Among the lines below, output only those between the line holding "تويوتا لاند كروزر 1996 - صورة 1" and the line holding "Mercedes-Benz A-klasse 180", inclusive, exactly as written and with no pictures.
━━━━━━
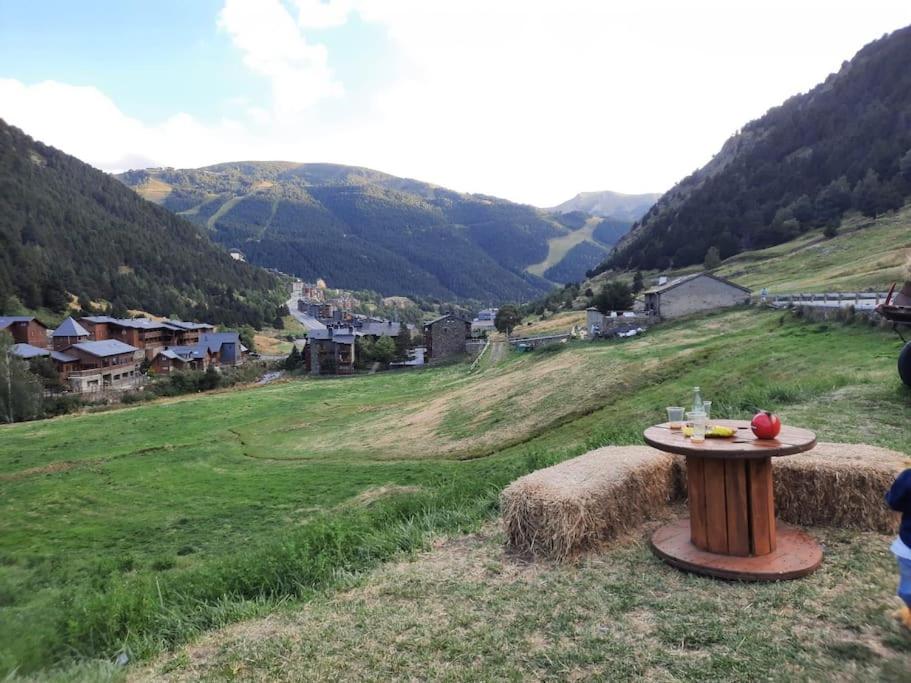 Acollidor estudi amb encant nòrdic i amb parquing, al costat de Grandvalira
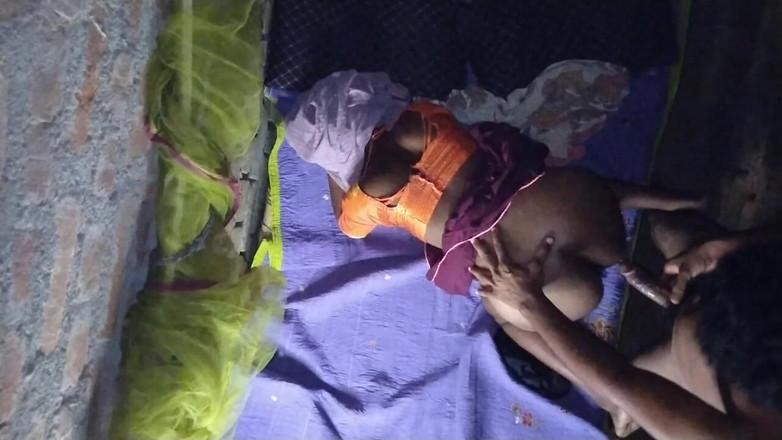 Pumi: Sexo duro con india por la noche Video de sexo...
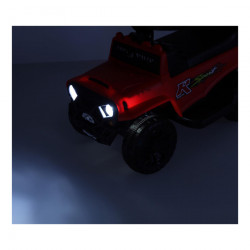 Červené elektronické autíčko s vodiacou tyčou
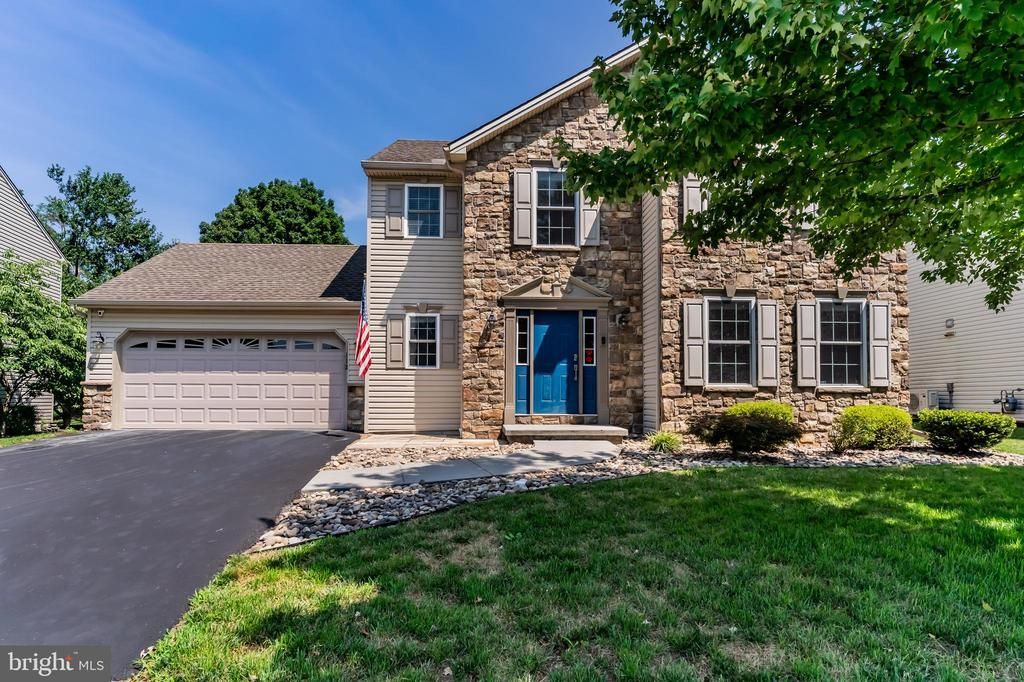 112 HILLTOP COURT , CAMP HILL, PA 17011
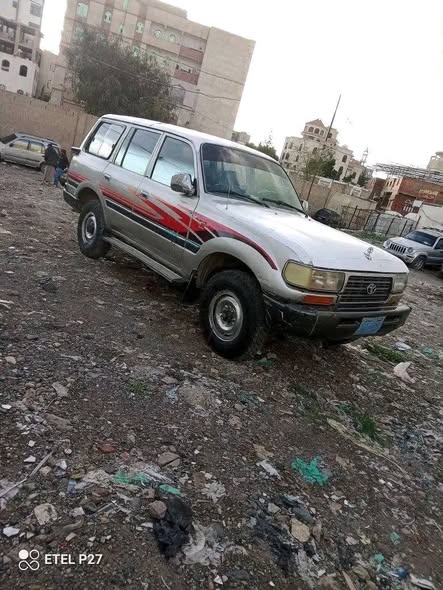 تويوتا لاند كروزر 1996 - صورة 1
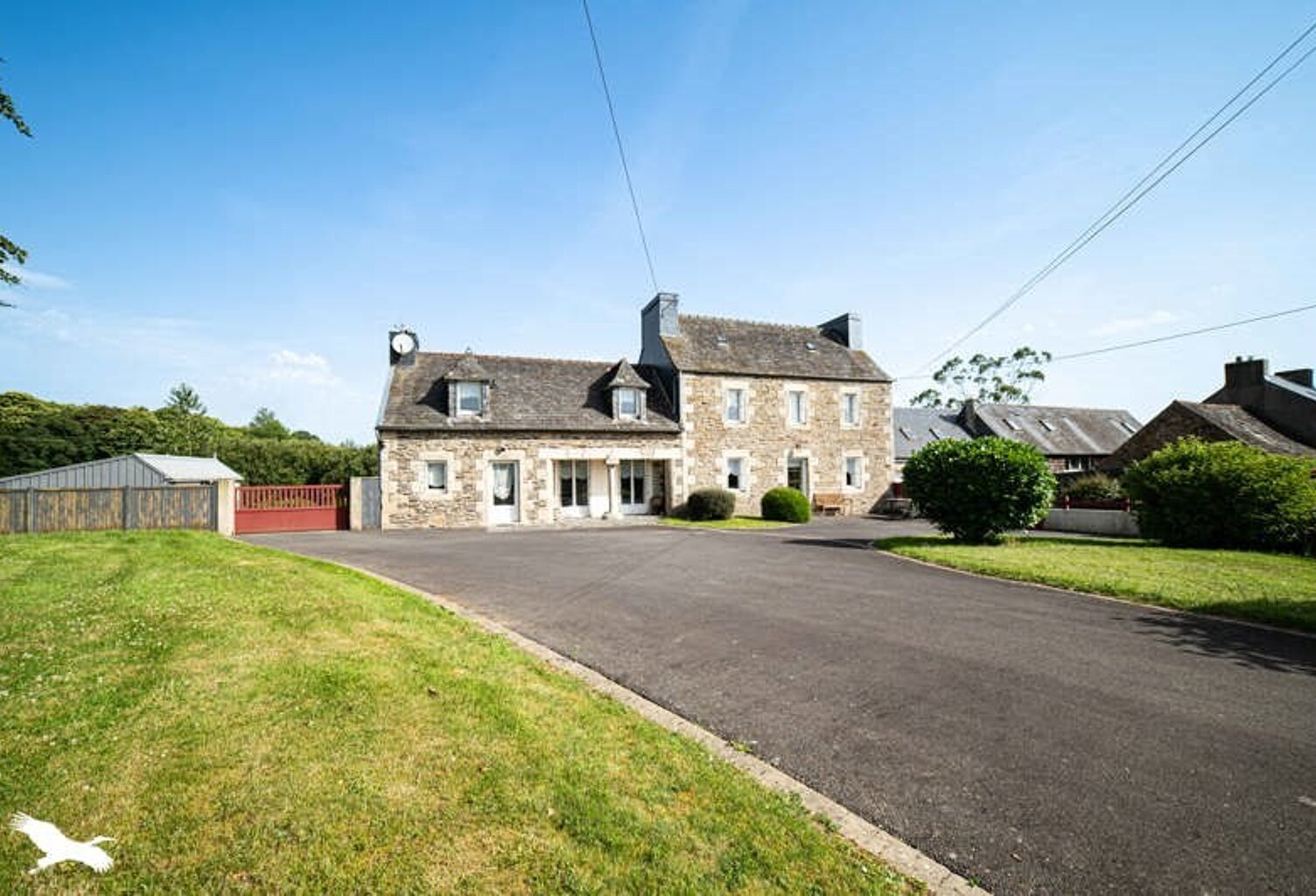Maison en pierre de 10 pièces principales — photo 1
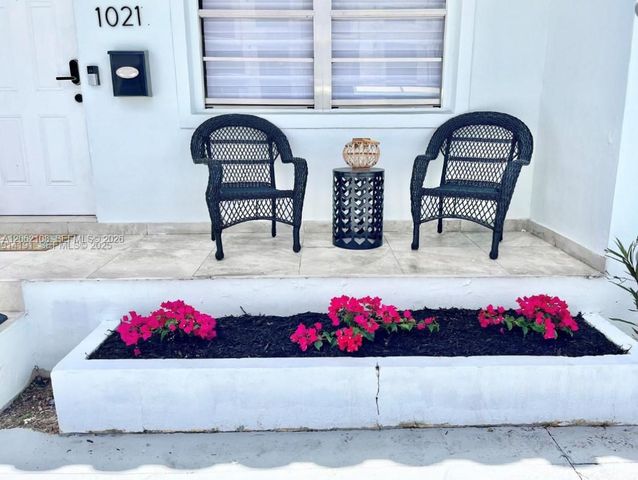 1021 NW 37th Ave, Miami, FL 33125
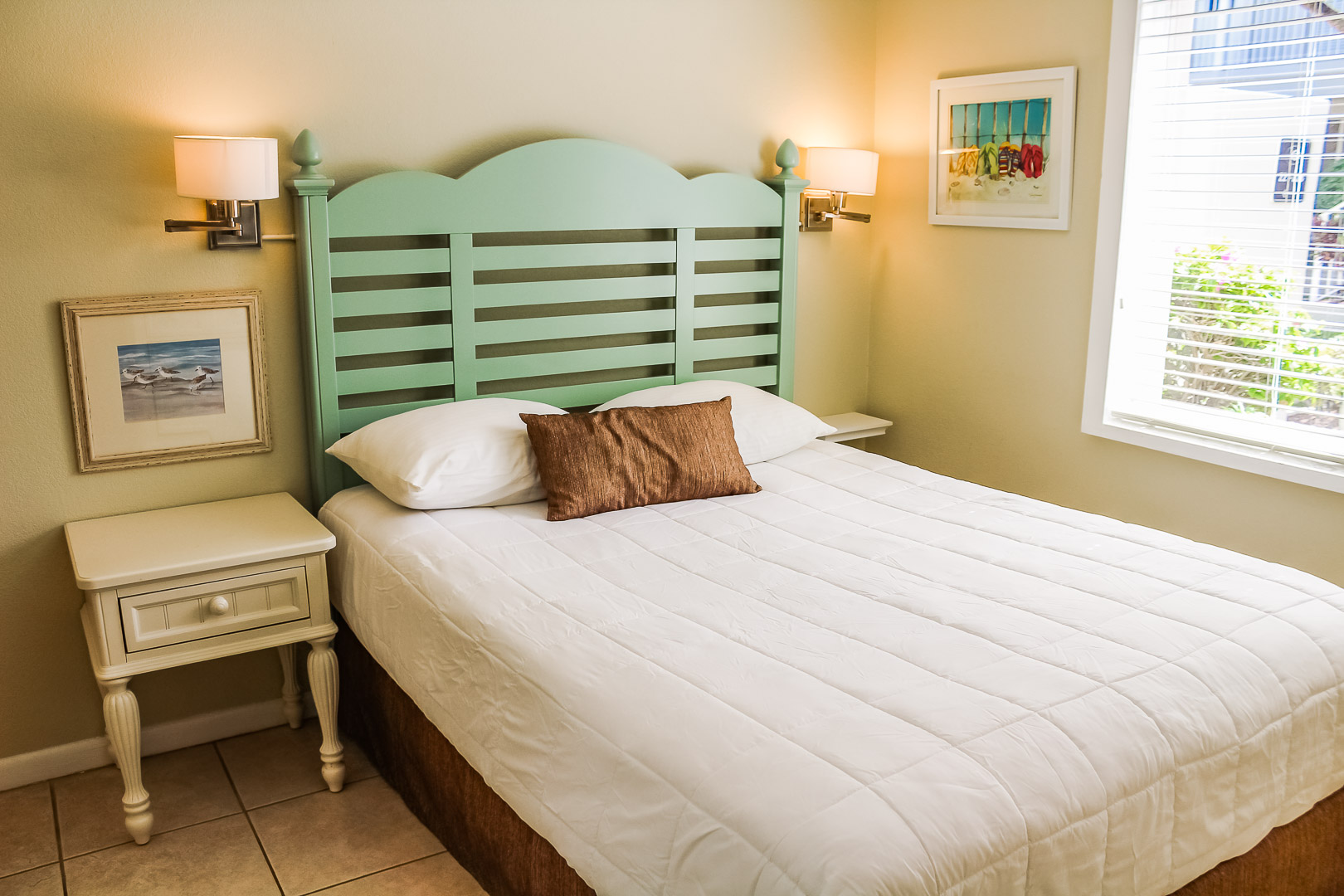 A quaint bedroom at VRI's Berkshire by the Sea in Florida.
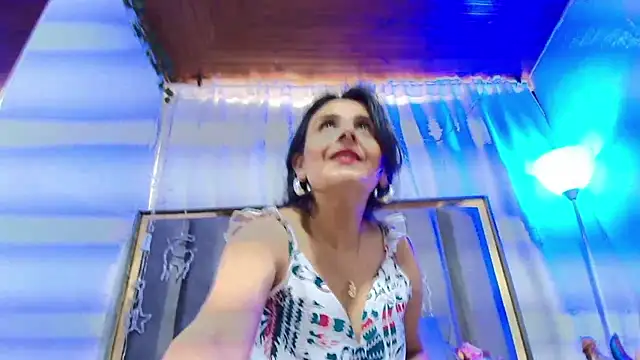  Marcela   online show from January 9, 2026, 12:34 pm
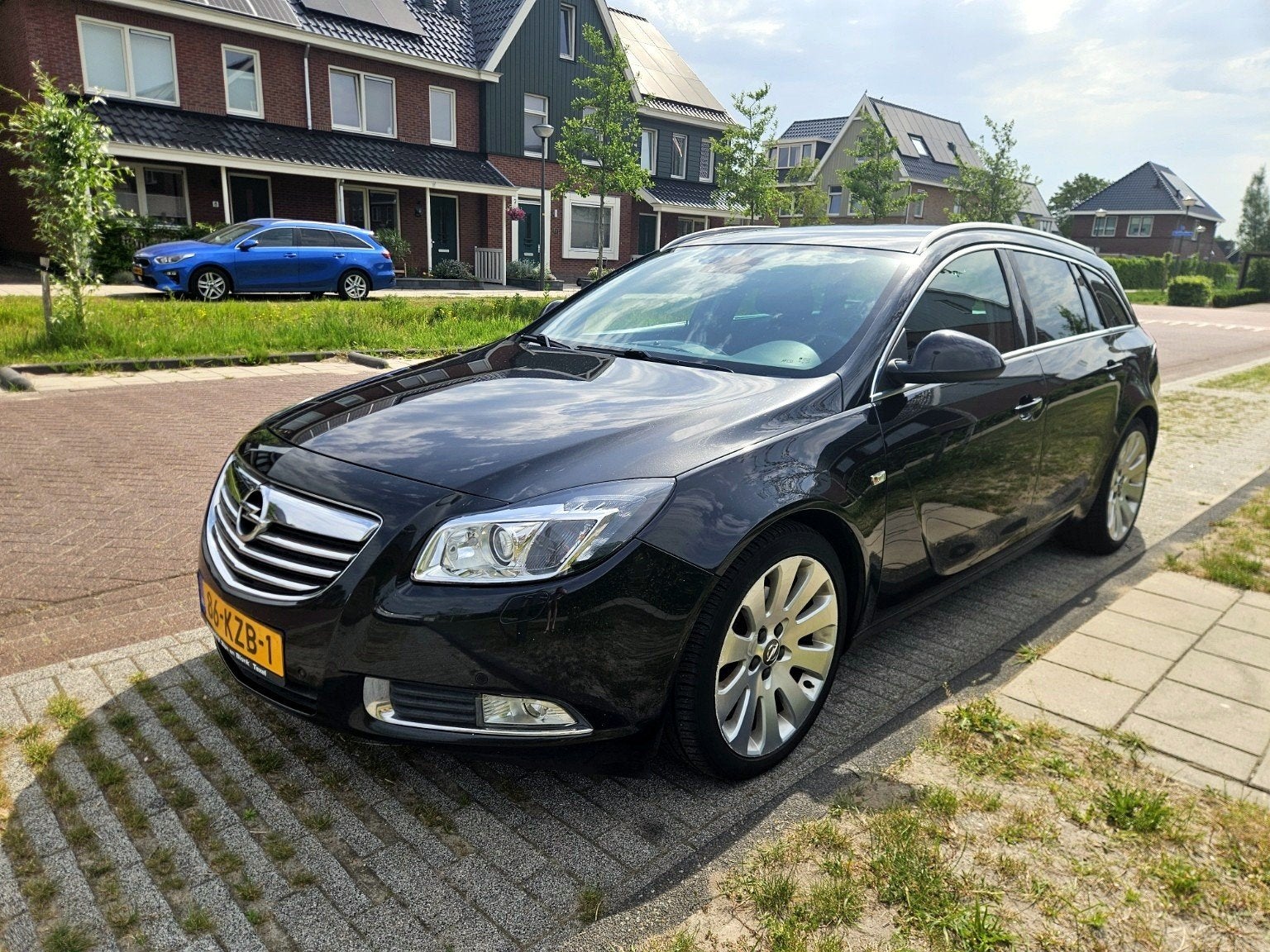 Opel Insignia 1.6 Turbo sports tourer, 4 cilinders, 179 pk, Zwart, Origineel Nederlands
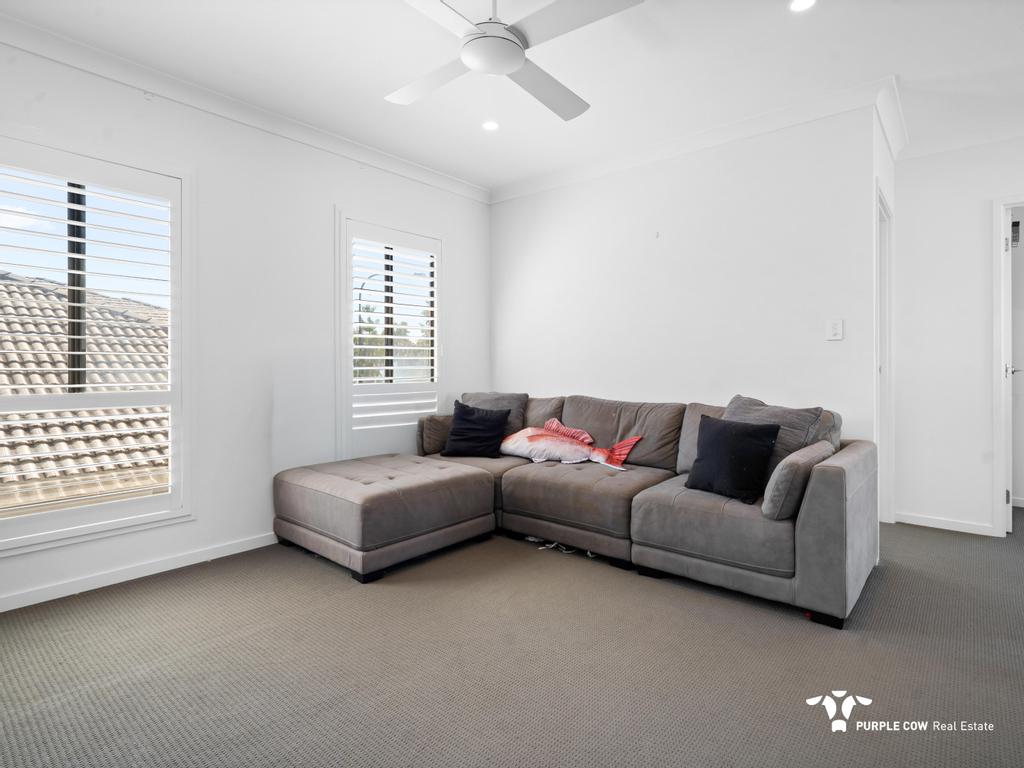 Rental: Greenbank, QLD, 4124 photo-6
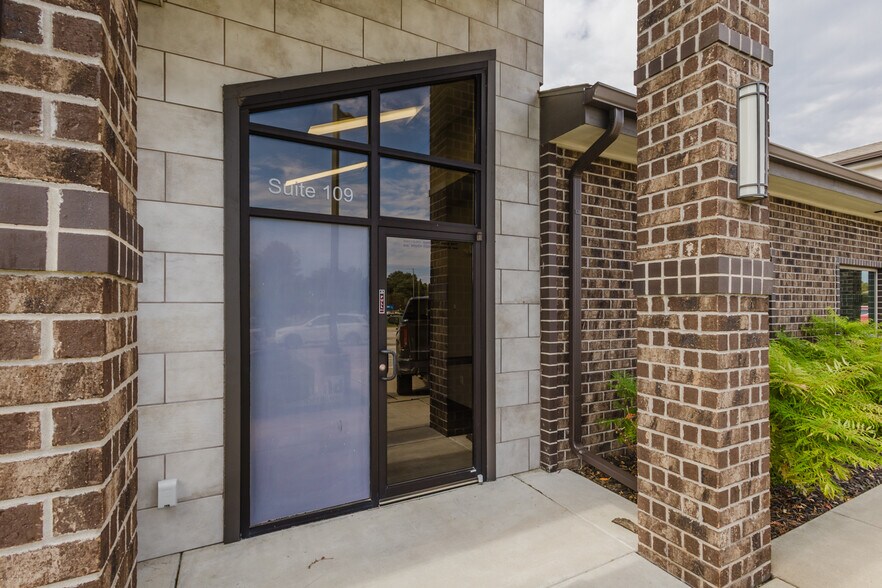 More Photos Of 429 S 119th St W, Wichita Office For Sale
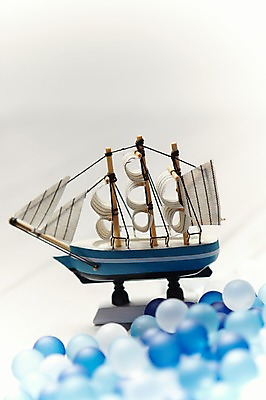 포토 JPG 스튜디오촬영 계절 산업 교통 수상교통 공 실내 사람없음 아웃포커스 장식 여름 모형 운송업 화물선 구슬 오브젝트 모형배 배모형 선박 국내포토 교통수단 배_교통 촬영기법 내부 파일형식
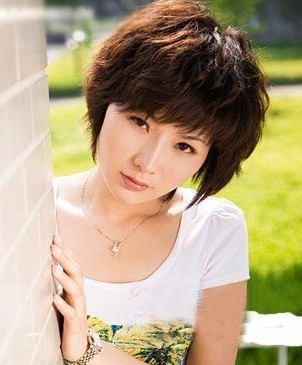 女人短发型纹理烫发型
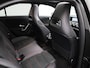 Mercedes-Benz A-klasse 180 Aut. AMG Business Solution | Panoramadak | Sfeerverlichting | Memory | Carplay | Stoelverwarming | Led Verlichting | Camera |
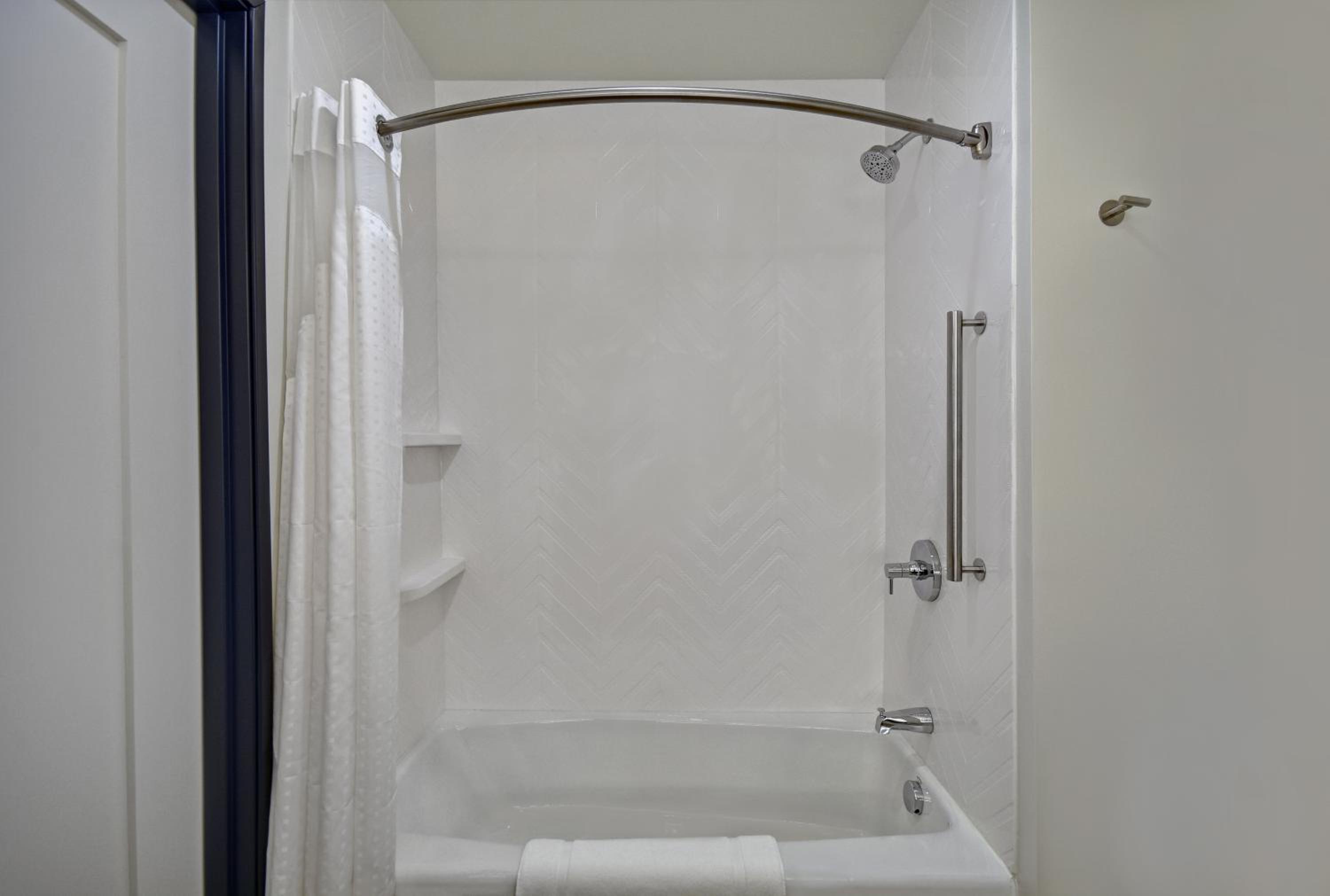Standard Room with Two Queen Beds - Photo 2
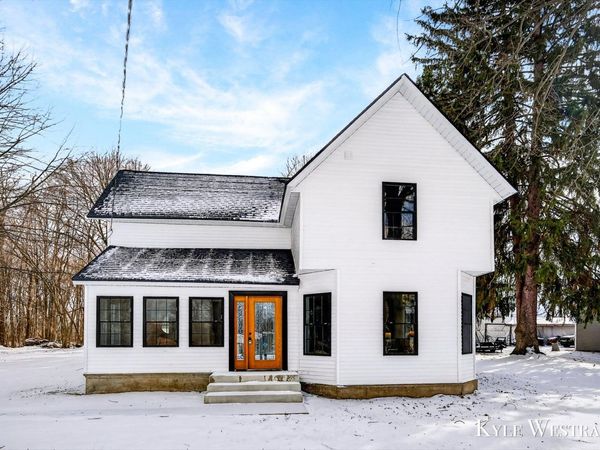 10227 S Norris Road, Delton, MI 49046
━━━━━━
- TASK SOLUTION:
 تويوتا لاند كروزر 1996 - صورة 1
Maison en pierre de 10 pièces principales — photo 1
 1021 NW 37th Ave, Miami, FL 33125
 A quaint bedroom at VRI's Berkshire by the Sea in Florida.
  Marcela   online show from January 9, 2026, 12:34 pm
 Opel Insignia 1.6 Turbo sports tourer, 4 cilinders, 179 pk, Zwart, Origineel Nederlands
 Rental: Greenbank, QLD, 4124 photo-6
 More Photos Of 429 S 119th St W, Wichita Office For Sale
 포토 JPG 스튜디오촬영 계절 산업 교통 수상교통 공 실내 사람없음 아웃포커스 장식 여름 모형 운송업 화물선 구슬 오브젝트 모형배 배모형 선박 국내포토 교통수단 배_교통 촬영기법 내부 파일형식
 女人短发型纹理烫发型
 Mercedes-Benz A-klasse 180 Aut. AMG Business Solution | Panoramadak | Sfeerverlichting | Memory | Carplay | Stoelverwarming | Led Verlichting | Camera |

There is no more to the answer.